No Aresto do STA, proferido no processo nº 01953/13, de 07 de maio de 2014[7]: resulta claramente que: “A norma constante do nº7 do art. 6º do RCP deve ser interpretada em termos de ao juiz, ser lícito, mesmo a título oficioso, dispensar o pagamento, quer da totalidade, quer de uma fracção ou percentagem do remanescente da taxa de justiça devida a final, pelo facto de o valor da causa exceder o patamar de €275.000, consoante o resultado da ponderação das especificidades da situação concreta (utilidade económica da causa, complexidade do processado e comportamento das partes), iluminada pelos princípios da proporcionalidade e da igualdade”.

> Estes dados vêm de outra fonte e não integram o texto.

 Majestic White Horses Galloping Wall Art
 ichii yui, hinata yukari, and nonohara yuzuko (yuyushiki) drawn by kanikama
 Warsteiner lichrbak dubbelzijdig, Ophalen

No caso sub judice, considera-se que o valor de taxa de justiça devida a final, calculado nos termos do tabela I.B., do RCP, é excessivo. Porquanto, ponderadas as circunstâncias do caso vertente à luz dos critérios escolhidos pelo legislador, em especial, o comportamento processual das partes litigantes, sem qualquer reparo negativo a apontar, a complexidade do processo – atendendo a que as questões decidendas não exigiram do julgador especiais e diversos conhecimentos técnicos e jurídicos, antes se mantiveram dentro de parâmetros normais e comuns, encontra-se preenchido o circunstancialismo do n.º 7, do artigo 6.º do RCP, decretando-se a dispensa de pagamento do remanescente da taxa de justiça.

IV. DECISÃO

Face ao exposto, ACORDAM, EM CONFERÊNCIA, OS JUÍZES DA SEGUNDA SUBSECÇÃO DE CONTENCIOSO TRIBUTÁRIO deste Tribunal Central Administrativo Sul em:

Negar provimento ao recurso, manter a decisão recorrida e a decretada anulação dos atos impugnados, com todas as legais consequências.

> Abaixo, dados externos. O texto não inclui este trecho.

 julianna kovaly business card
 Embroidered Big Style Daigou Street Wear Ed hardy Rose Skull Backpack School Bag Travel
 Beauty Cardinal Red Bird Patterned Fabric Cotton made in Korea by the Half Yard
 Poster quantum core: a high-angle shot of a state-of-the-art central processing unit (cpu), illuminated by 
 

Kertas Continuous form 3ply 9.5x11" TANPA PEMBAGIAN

Custas a cargo da Recorrente, com a dispensa do remanescente da taxa de justiça, na parte em que excede os €275.000,00.

Registe. Notifique.


Lisboa, 15 de Abril de 2021


[A Relatora consigna e atesta, que nos termos do disposto no artigo 15.º-A do DL n.º 10-A/2020, de 13.03, aditado pelo artigo 3.º do DL n.º 20/2020, de 01.05, têm voto de conformidade com o presente Acórdão os restantes Desembargadores integrantes da formação de julgamento, os Desembargadores Susana Barreto e Vital Lopes]

Patrícia Manuel Pires

_______________________
[1] In Aresto do STA, proferido no processo nº 0912/13, datado de 10.07.2013.
[2] Vide, designadamente, Acórdão do STA proferido no processo nº 0161/14, de 09 de abril de 2014 e demais jurisprudência nele citada
[3] cfr. António Santos Abrantes Geraldes: “Recursos no Novo Código de Processo Civil”: 5ª Edição-2018: p.p 165 e 166;Fernando Amâncio Ferreira, Manual dos Recursos em Processo Civil, 9ª. edição, Almedina, 2009, pág.181; ac.T.C.A.Sul-2ª.Secção, 20/12/2012, proc.4855/11; ac.T.C.A.Sul-2ª.Secção, 2/7/2013, proc.6505/13.
[4] Sérgio Vasques, O Imposto sobre o Valor Acrescentado, Almedina, Almedina: reimpressão, fevereiro 2020, p.105.
[5] A tributação do consumo e a sua coordenação internacional, Cadernos de Ciência e Técnica Fiscal 164, Lisboa 1991, pág. 29.
[6] No mesmo sentido, vide os acórdãos deste Tribunal proferidos nos processos nº05630/12, 18.06.15, nº 52/17.4, de 19.12.18, e 6/17, de 13.12.2019, já transitados em julgado
[7] integralmente disponível para consulta em www.dgsi.pt.